» TASK REQUIREMENTS: Your answer should hold exactly the lines below from the line with "Cafetera Italiana Eléctrica SOCCA" through the line with "Peppa Pig Family", both included, and no pictures at all.

» DATA EXTRACT:
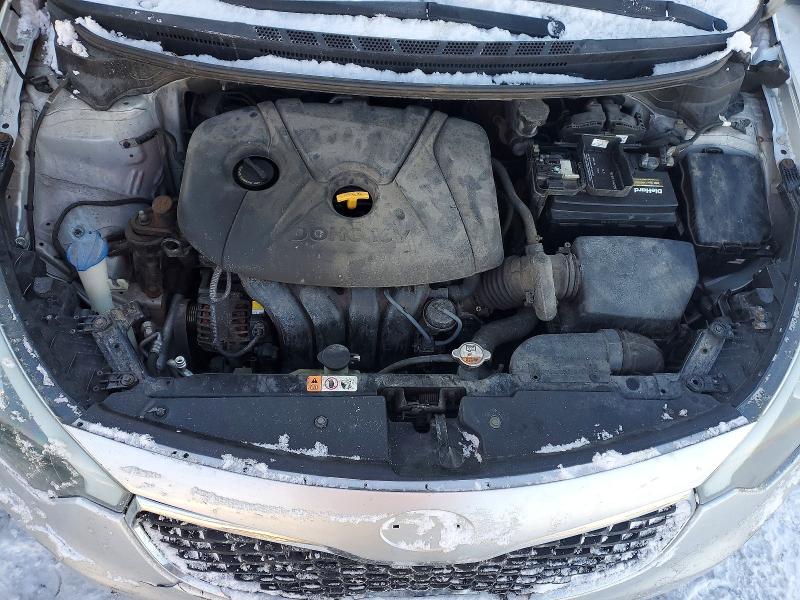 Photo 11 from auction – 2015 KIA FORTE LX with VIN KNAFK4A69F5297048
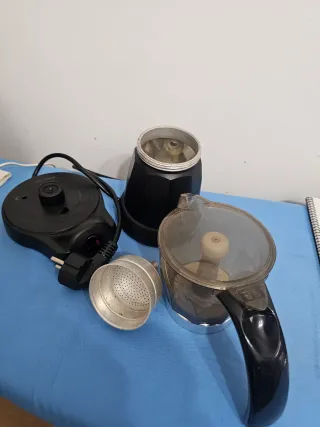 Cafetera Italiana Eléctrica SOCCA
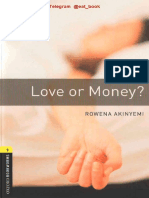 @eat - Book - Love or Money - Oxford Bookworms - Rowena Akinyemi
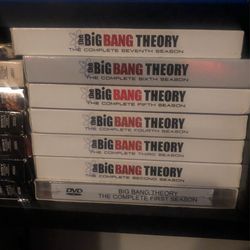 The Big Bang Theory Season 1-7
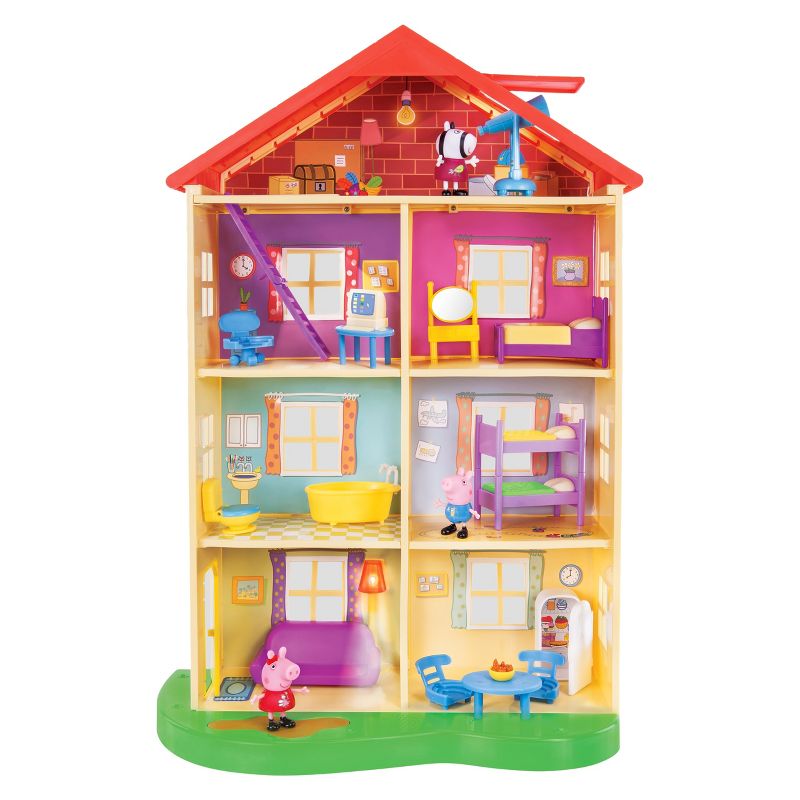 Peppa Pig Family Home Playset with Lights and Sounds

---

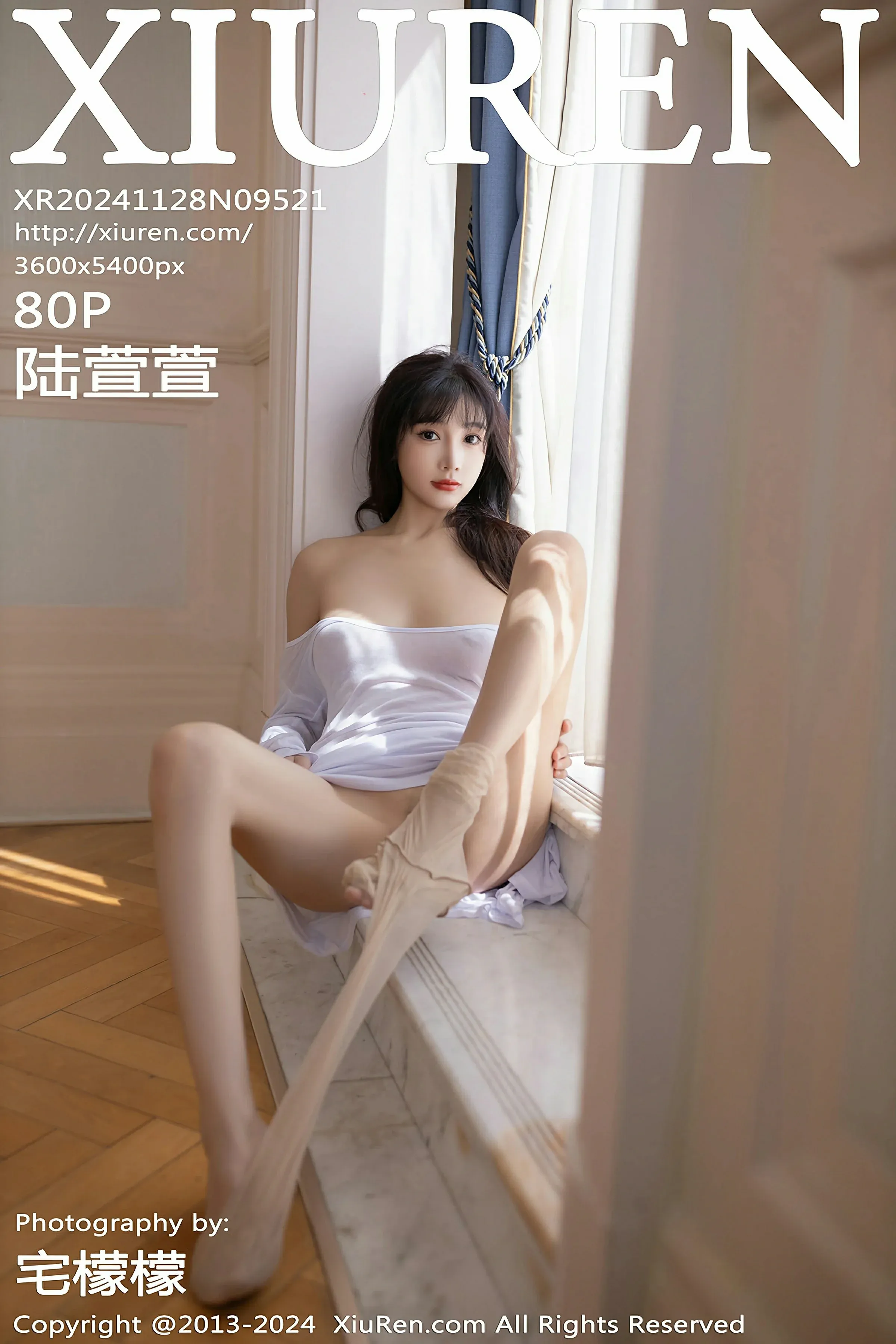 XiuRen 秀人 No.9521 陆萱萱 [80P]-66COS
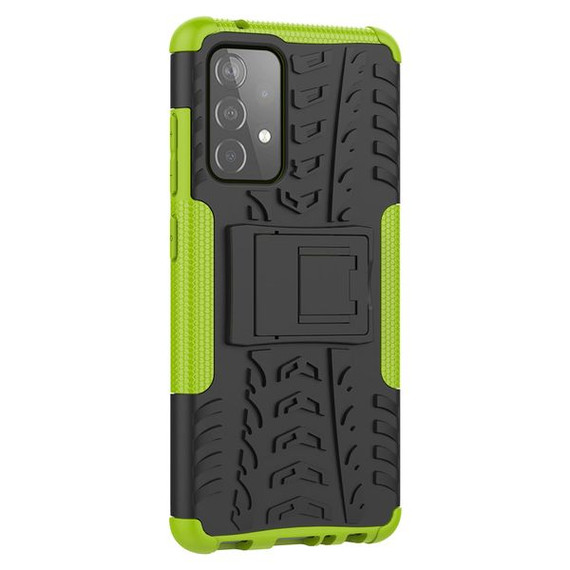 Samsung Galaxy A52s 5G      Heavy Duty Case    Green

» TASK OUTPUT:
 Cafetera Italiana Eléctrica SOCCA
 @eat - Book - Love or Money - Oxford Bookworms - Rowena Akinyemi
 The Big Bang Theory Season 1-7
 Peppa Pig Family Home Playset with Lights and Sounds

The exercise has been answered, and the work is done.